§ BRIEF
Print only the lines from the one with "9月27日,杭州体育馆,亚运会拳击比赛,中国选手王向阳在比赛中." through the end of the data, exactly, and please omit pictures.

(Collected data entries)
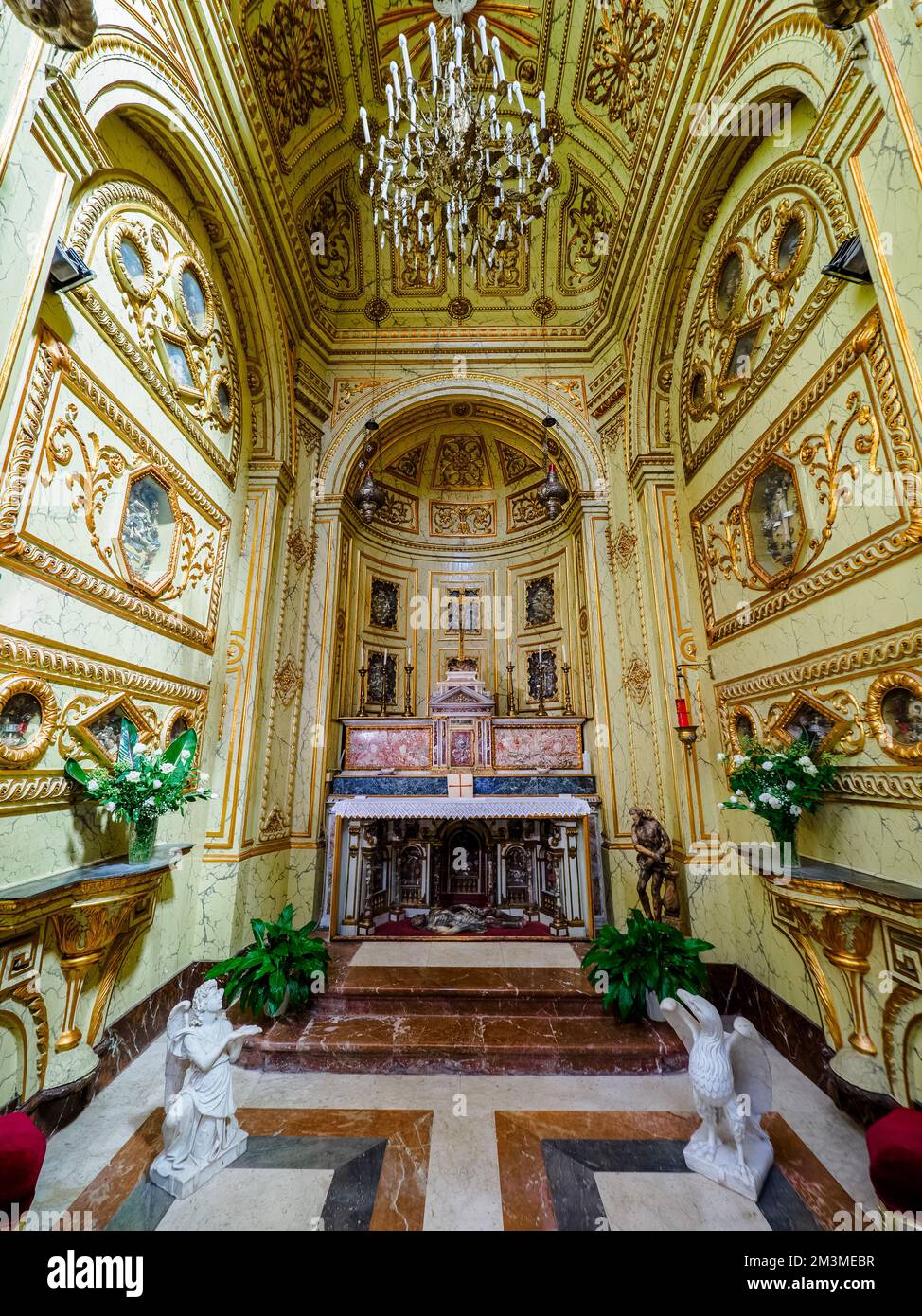 Cappella del Santissimo Sacramento. La cappella è arricchita da rilievi in legno dorato e ospita le reliquie di numerosi santi martiri nella Cattedrale di San Lorenzo di Trapani - Sicilia, Italia Foto Stock
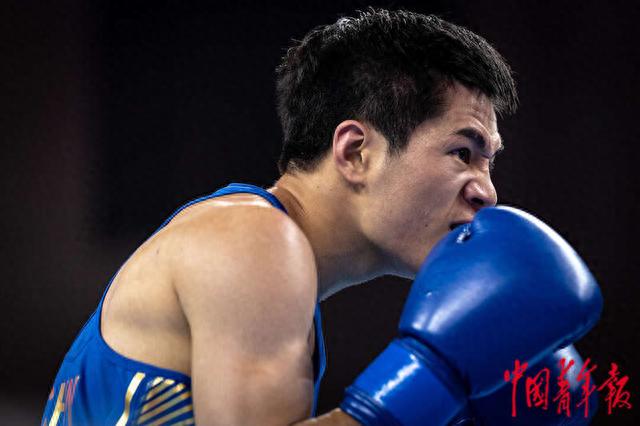 9月27日,杭州体育馆,亚运会拳击比赛,中国选手王向阳在比赛中.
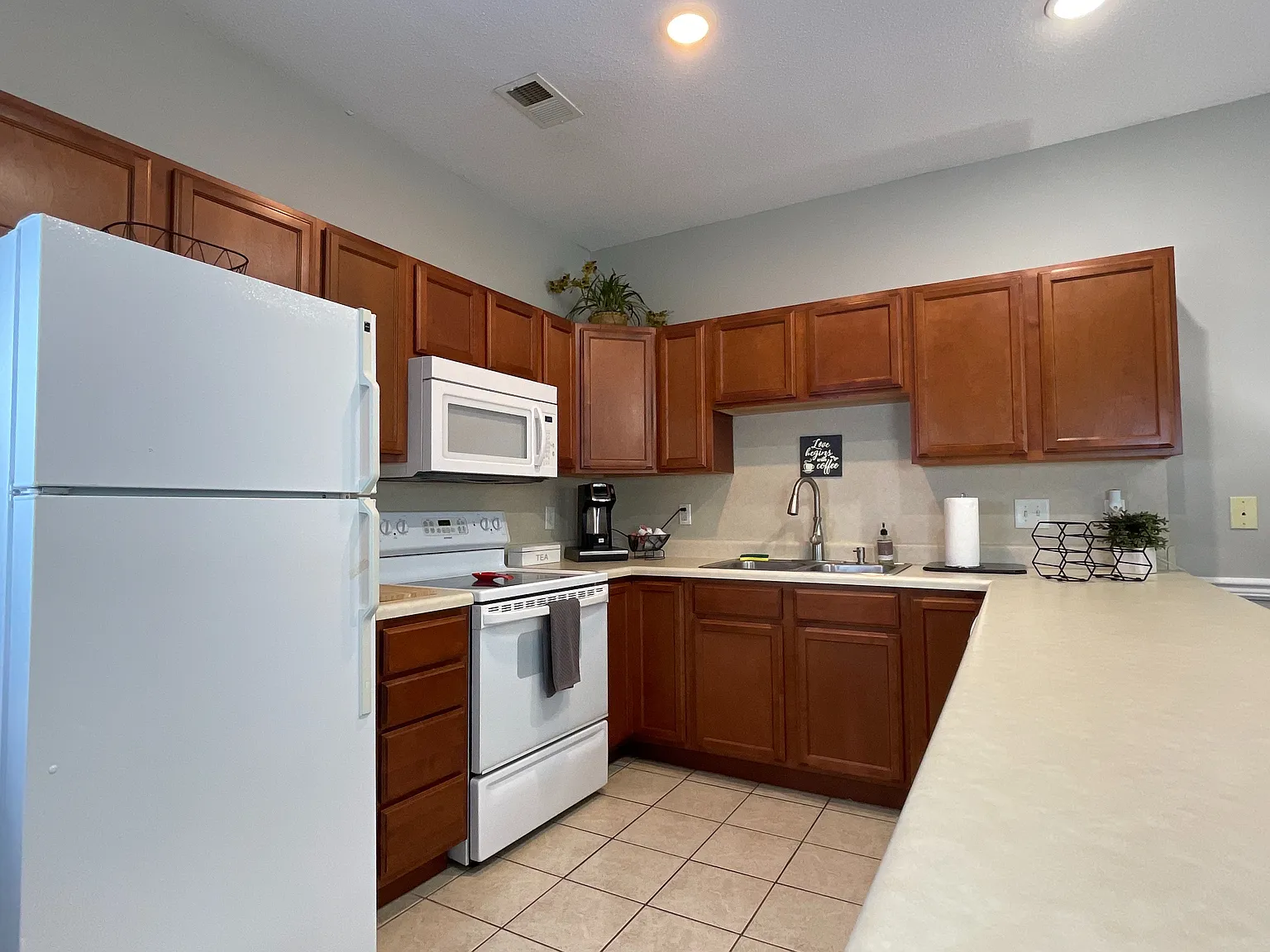 2 bed, $2,500 — Photo 2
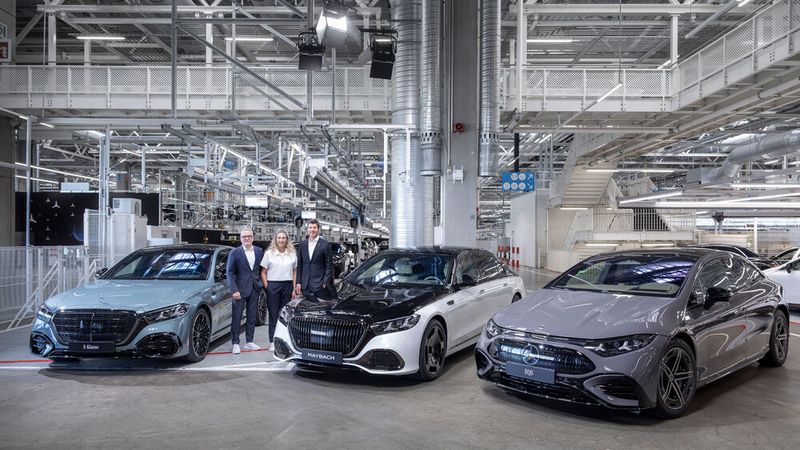 Mercedes-Benz hat in Sindelfingen offiziell die Produktion der Facelift-Varianten von S-Klasse, Mercedes-Maybach S-Klasse und EQS begonnen. Dabei waren Betriebsratschef Ergun Lümali (l.), Werkleiterin Sara Gielen und Produktionsvorstand Michael Schiebe.(Bild:  Mercedes-Benz)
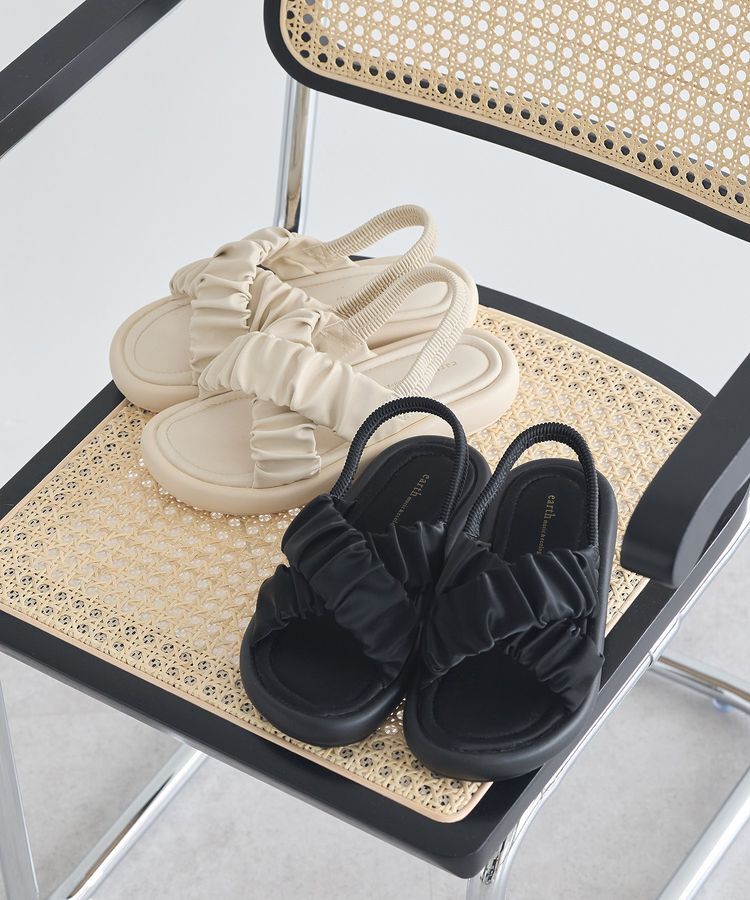 earth music&ecology「ギャザークロスサンダル」|サンダル|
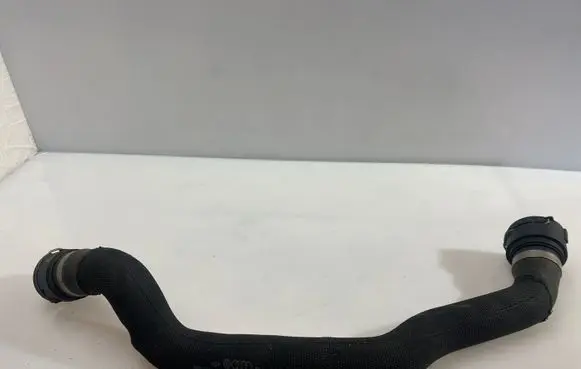 Audi A4 S4 B8 8K Engine coolant pipe/hose 8K0121101M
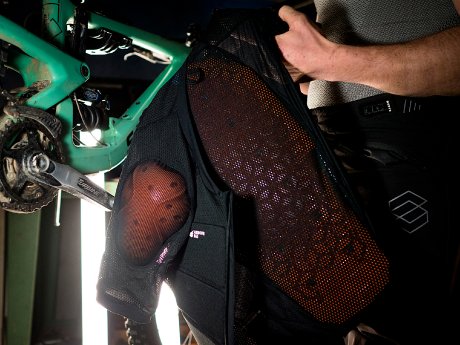 bluegrass-mtb-armour-back-shoulder-d3o-action5.jpg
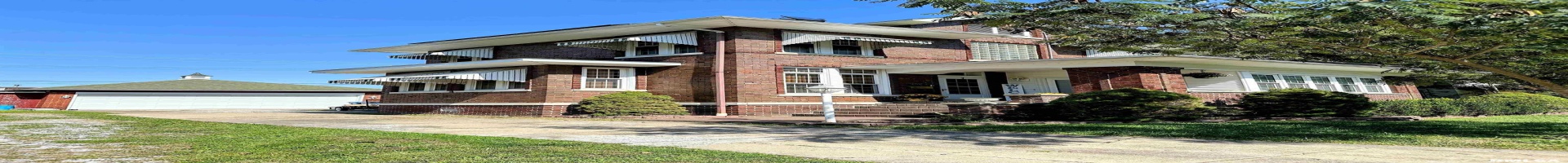 Residential For Sale 404 5TH Street, Johnston City, Illinois 62951, 3 Bedrooms Bedrooms, 0 ,1 BathroomBathrooms,Residential,For Sale,5TH,0,RMAEB458721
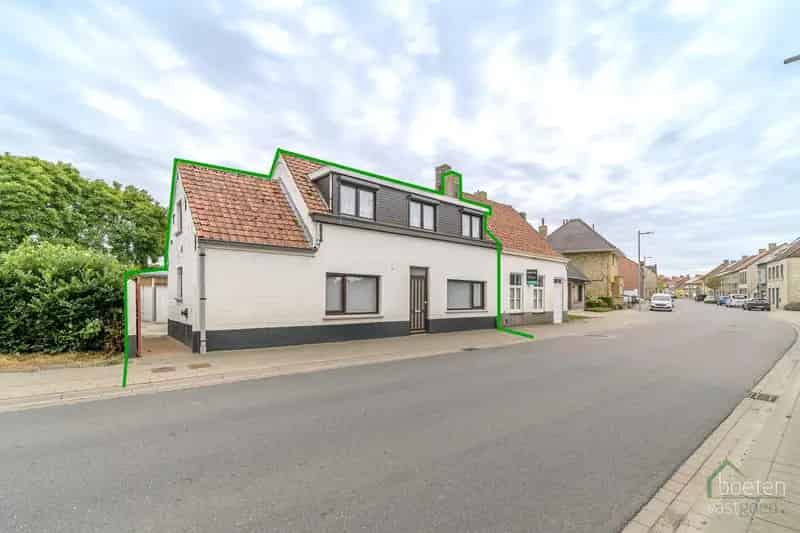 ALVERINGEM: Leuk maar wel op te smukken huisje met heel wat potentieel, 3 slpks waarvan 1 beneden en zonneterras op 179m² grondopp.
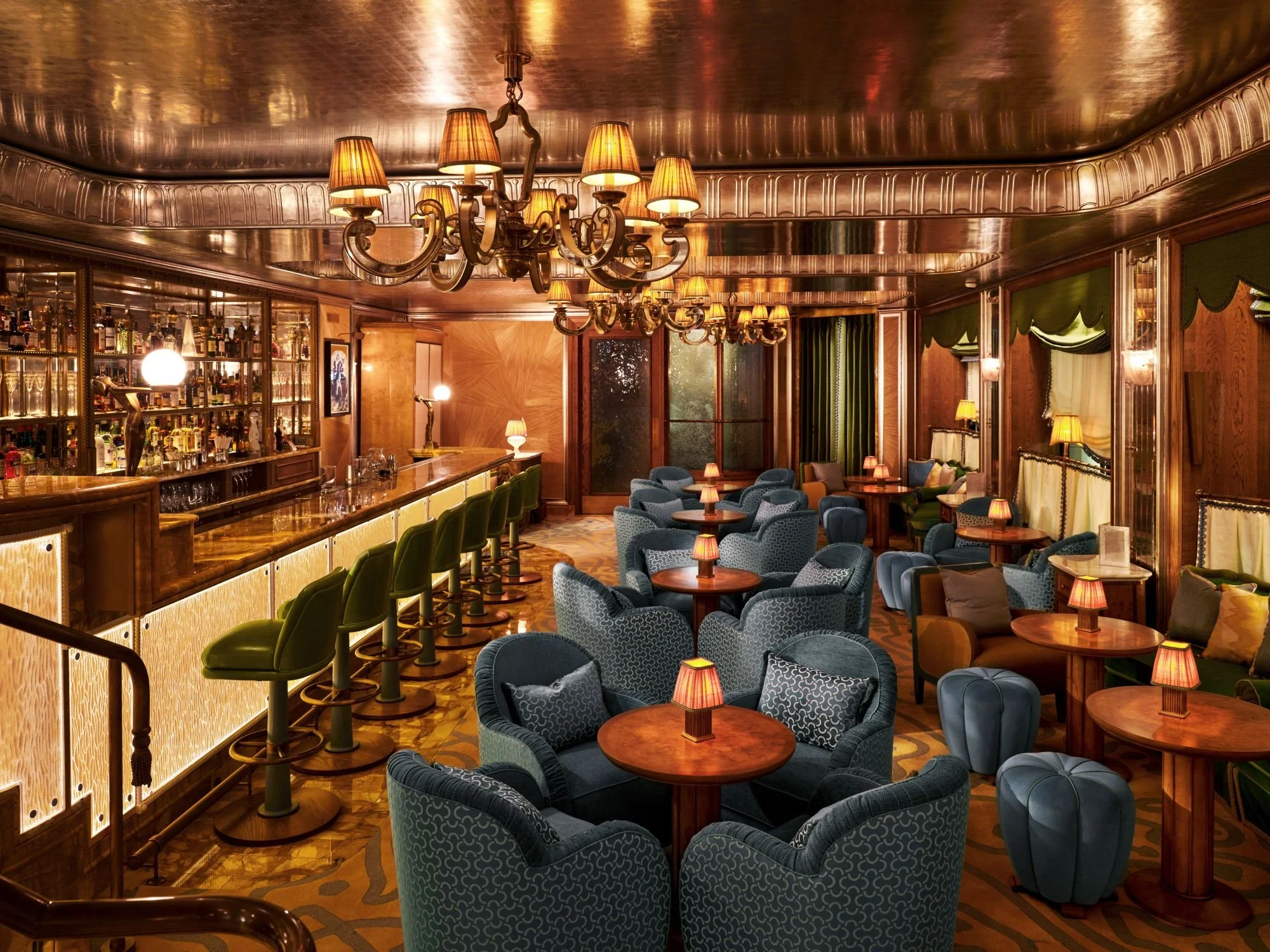 The Dorchester_Vesper Bar_ Hero_ Dorchester Collection _2_ (small).jpg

§ SOLUTION TO THIS TASK
 9月27日,杭州体育馆,亚运会拳击比赛,中国选手王向阳在比赛中.
 2 bed, $2,500 — Photo 2
 Mercedes-Benz hat in Sindelfingen offiziell die Produktion der Facelift-Varianten von S-Klasse, Mercedes-Maybach S-Klasse und EQS begonnen. Dabei waren Betriebsratschef Ergun Lümali (l.), Werkleiterin Sara Gielen und Produktionsvorstand Michael Schiebe.(Bild:  Mercedes-Benz)
 earth music&ecology「ギャザークロスサンダル」|サンダル|
 Audi A4 S4 B8 8K Engine coolant pipe/hose 8K0121101M
 bluegrass-mtb-armour-back-shoulder-d3o-action5.jpg
 Residential For Sale 404 5TH Street, Johnston City, Illinois 62951, 3 Bedrooms Bedrooms, 0 ,1 BathroomBathrooms,Residential,For Sale,5TH,0,RMAEB458721
 ALVERINGEM: Leuk maar wel op te smukken huisje met heel wat potentieel, 3 slpks waarvan 1 beneden en zonneterras op 179m² grondopp.
 The Dorchester_Vesper Bar_ Hero_ Dorchester Collection _2_ (small).jpg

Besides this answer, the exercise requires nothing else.